▶ [EXERCISE BRIEF]: Every line from the one with "Charming single story" through the final line of the data below goes in the answer, copied exactly. Pictures do not.

··· GIVEN RECORDS ···

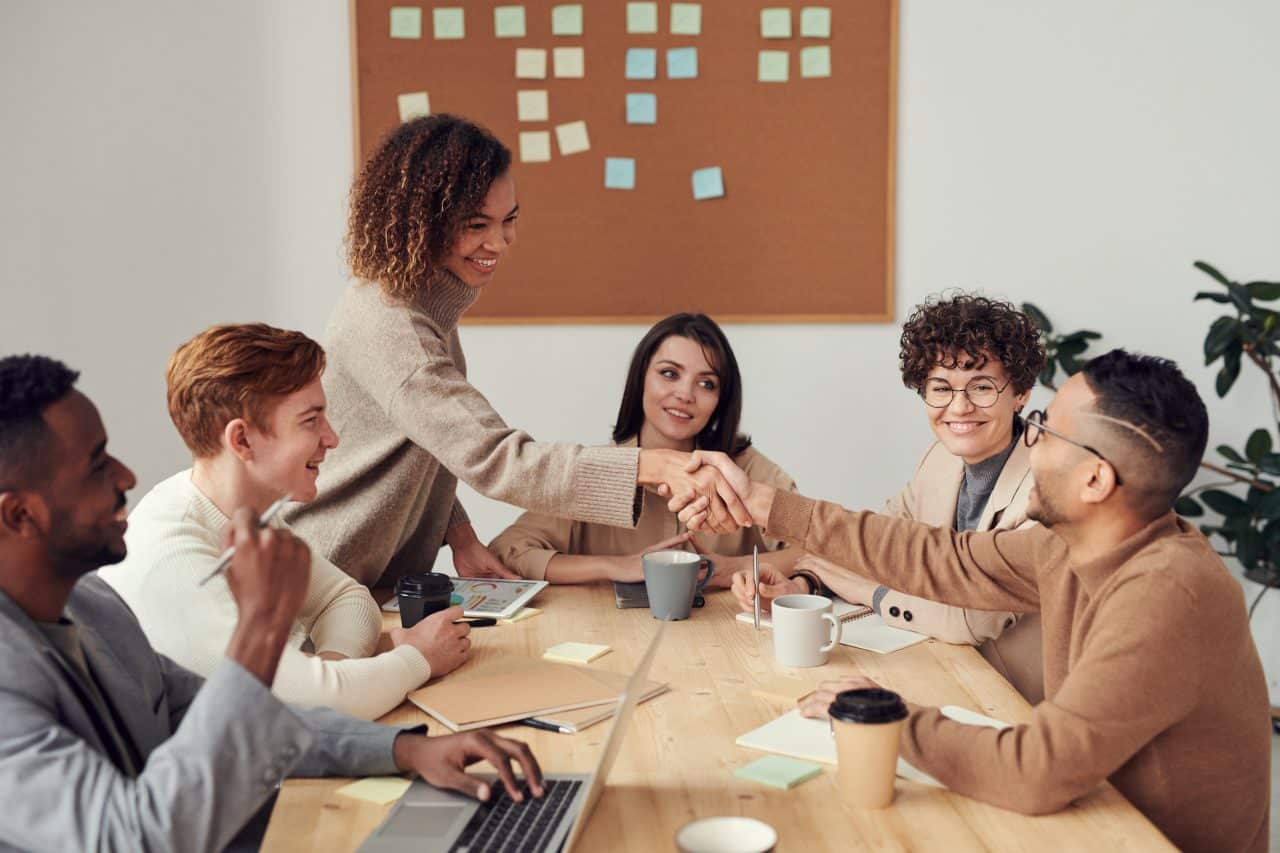 Coworkers shaking hands at a business meeting.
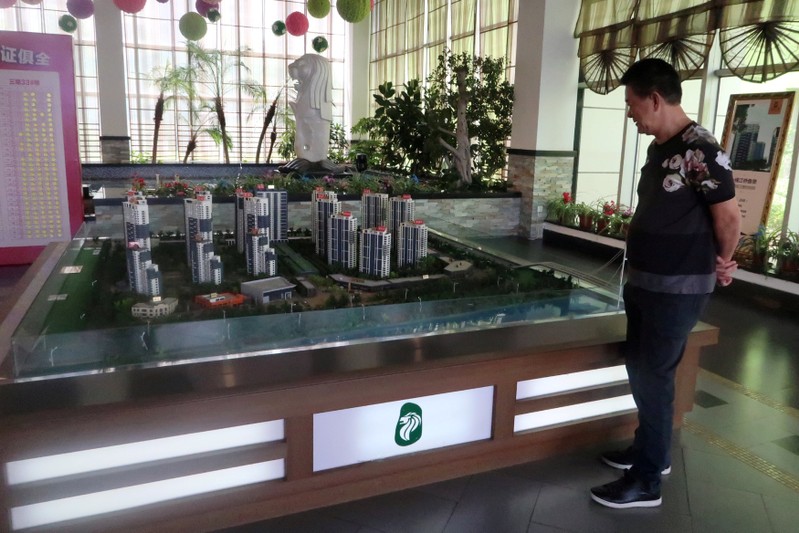 Brothers Holdings Managing Director T.C. Koh stands next to a model of Singapore City inside a property showroom in Dandong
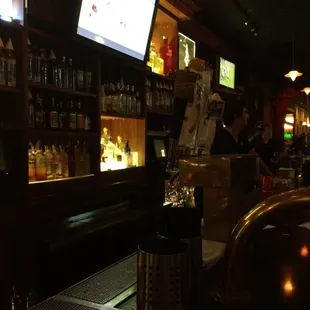 a bar with a large screen tv
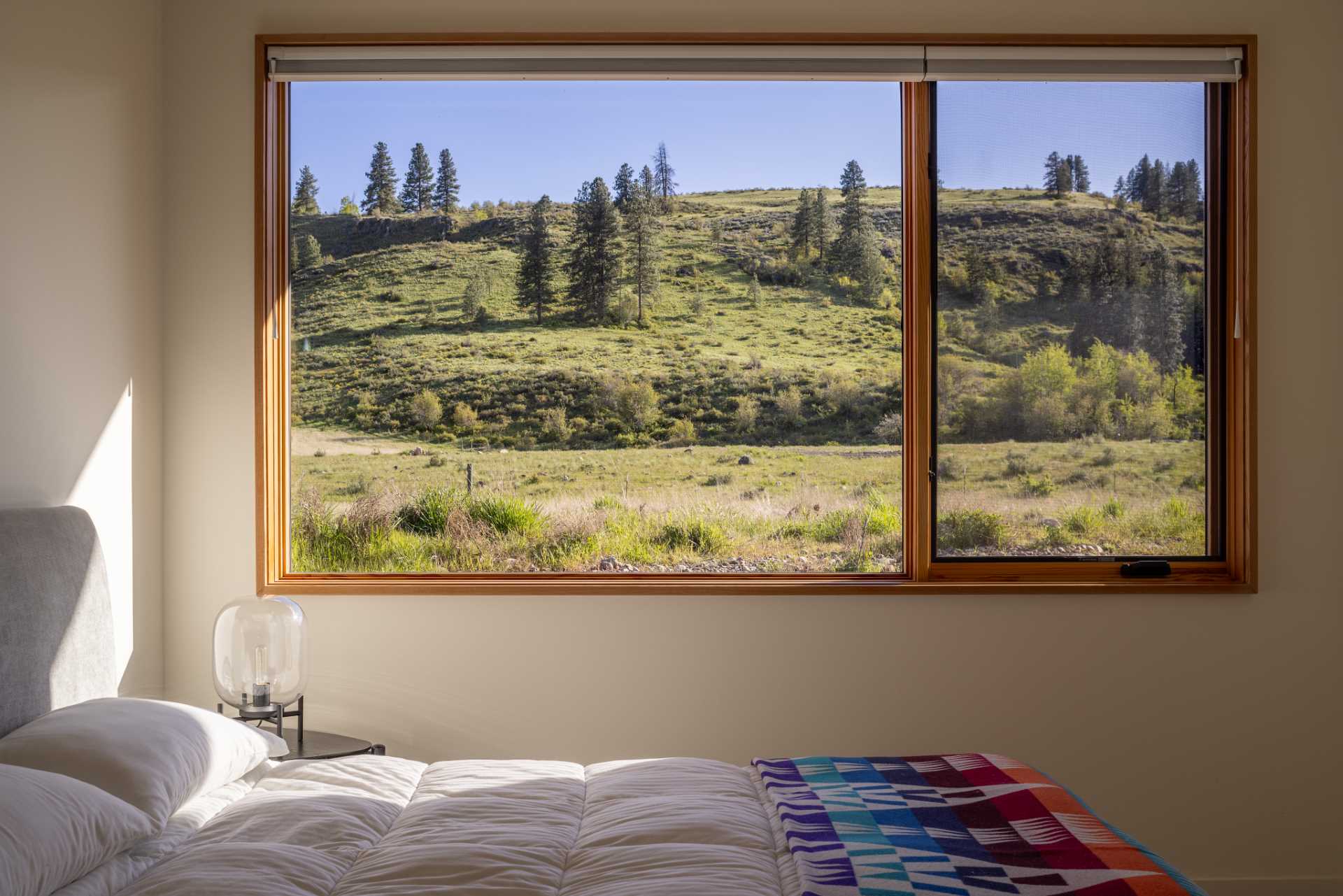 In this bedroom, the windows frame the views of the surrounding landscape.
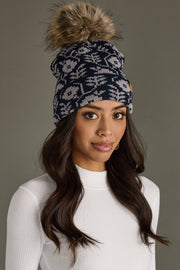 Woman wearing a patterned beanie with a pom-pom on a gray background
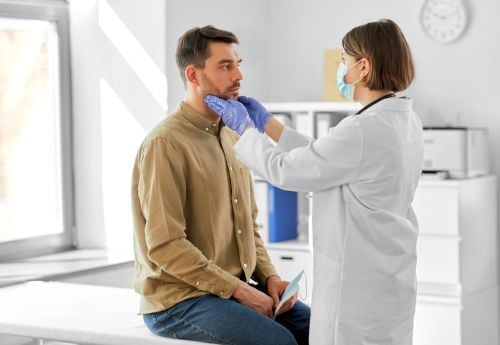 internal-med-doctor-palpating-submandicular-area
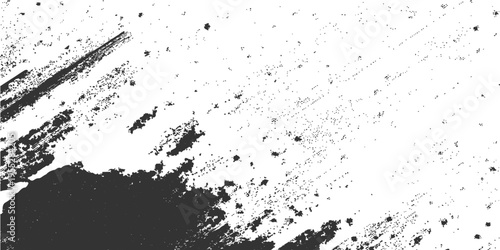 Ink-splattered surface texture. A close-up monochrome shot of abstract ink blot and splatter on paper creating a dramatic design with organic shape.
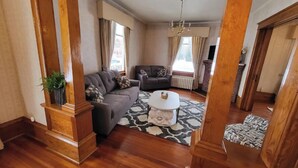 A spacious living room with a grey sofa, a white coffee table, and a patterned rug.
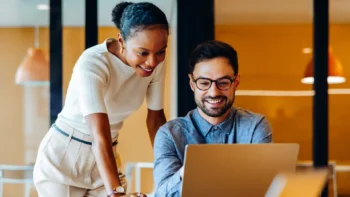 two people looking at a laptop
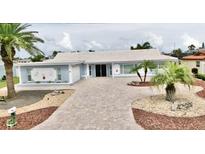 Charming single story home with beautiful landscaping, brick paver driveway and front yard palm trees at 5339 Bowline Bnd, New Port Richey, FL 34652
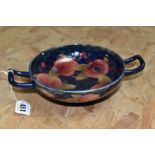 A WILLIAM MOORCROFT TWIN HANDLED FOOTED BOWL DECORATED WITH POMEGRANATE PATTERN ON A DARK BLUE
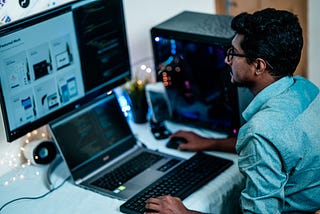 A man sitting in front of laptop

···

▶ [SOLUTION TO THE EXERCISE]:
 Charming single story home with beautiful landscaping, brick paver driveway and front yard palm trees at 5339 Bowline Bnd, New Port Richey, FL 34652
 A WILLIAM MOORCROFT TWIN HANDLED FOOTED BOWL DECORATED WITH POMEGRANATE PATTERN ON A DARK BLUE
 A man sitting in front of laptop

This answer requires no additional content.